The name of the output table.

No default value

outputTablePartition

No

The names of the partitions in the output table.

No default value

coreNum

No

The number of cores. This parameter takes effect only when the memSizePerCore parameter is set. The value must be a positive integer in the range of [1,9999].

Determined by the system

memSizePerCore

No

The memory size of each core. Unit: MB. The value must be a positive integer in the range of [1024,64 × 1024].

Determined by the system

lifecycle

No

The lifecycle of the output table. The value must be a positive integer.

No default value

If you use a regular table, we recommend that you do not set the coreNum and memSizePerCore parameters. The Word Splitting component automatically determines the parameter values by default.

If your resources are limited, you can use the following code to calculate the number of cores and the memory size of each core:

def CalcCoreNumAndMem(row, col, kOneCoreDataSize=1024):
    """Calculates the number of cores and memory size of each core.
       Args:
           row: the number of rows in the input table.
           col: the number of columns in the input table.
           kOneCoreDataSize: the amount of data that can be computed by each core. Unit: MB. The value must be a positive integer. Default value: 1024.
       Return:
           coreNum, memSizePerCore
       Example:
           coreNum, memSizePerCore = CalcCoreNumAndMem(1000,99, 100, kOneCoreDataSize=2048)
    """
    kMBytes = 1024.0 * 1024.0
    # Number of cores involved in computing
    coreNum = max(1, int(row * col * 1000/ kMBytes / kOneCoreDataSize))
    # Memory size per core = Data amount
    memSizePerCore = max(1024,  int(kOneCoreDataSize*2))
    return coreNum,  memSizePerCore

Example

  • Generated data

    create table pai_aliws_test
    as select
        1 as id,
        'Today is a good day. The weather is fine and sunny.' ' as content;
  • PAI command

    pai -name split_word
        -project algo_public
        -DinputTableName=pai_aliws_test
        -DselectedColNames=content
        -DoutputTableName=doc_test_split_word
  • Input description

    The input table consists of two columns: id and content.

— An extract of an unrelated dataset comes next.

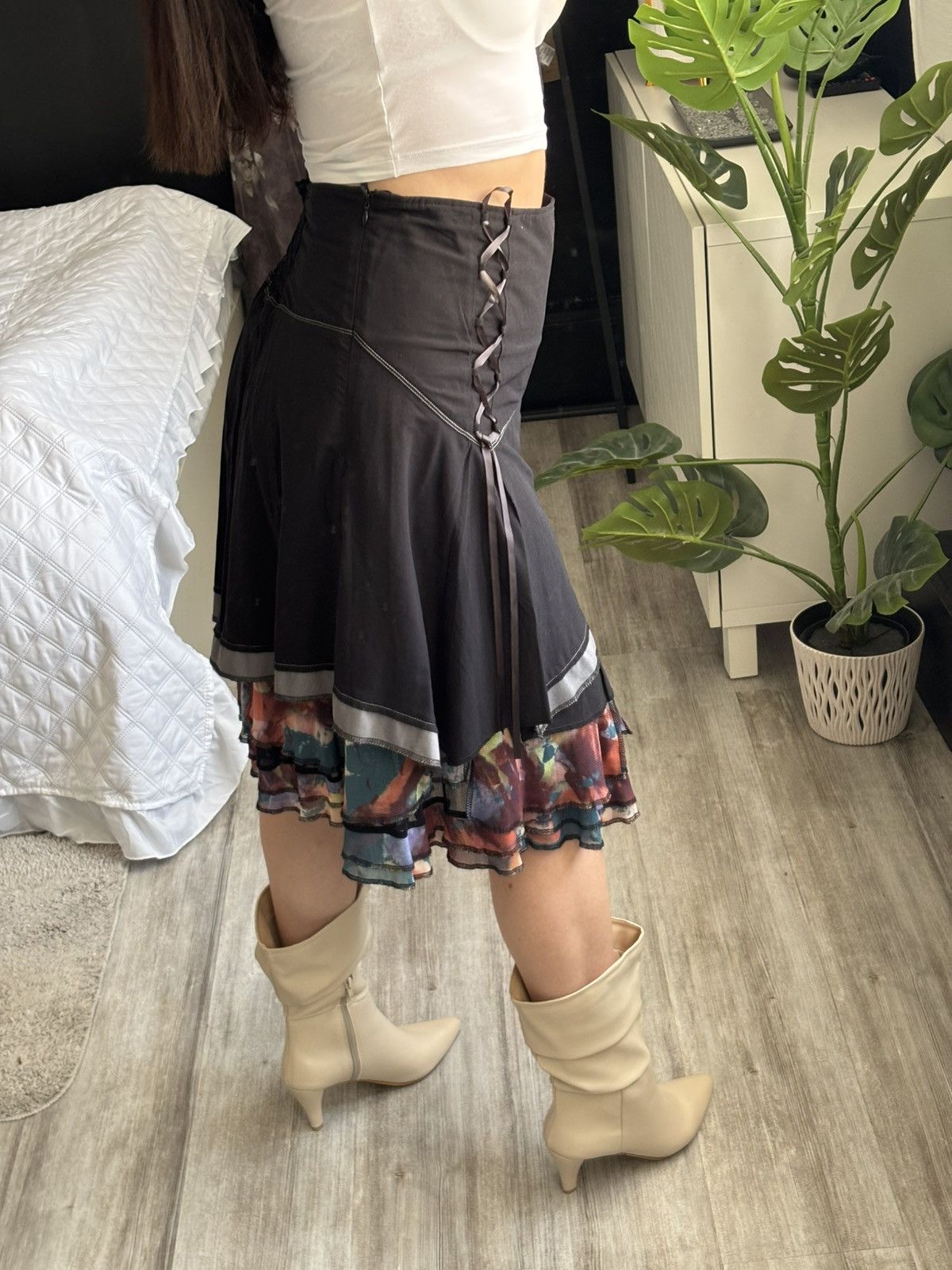 Joe Browns Vintage Joe Browns skirt M midi boho patterns embroidery Size 26" / US 2 / IT 38 - 3 Thumbnail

    +------------+------------+
    | id         | content    |
    +------------+------------+
    | 1          | Today is a good day. The weather is fine and sunny.  |
  • Output description

    • The words in the tokenization column of the input table are split and then returned. The rest columns are returned without changes.

    • When a custom dictionary is used, the system splits words based on the custom dictionary and context.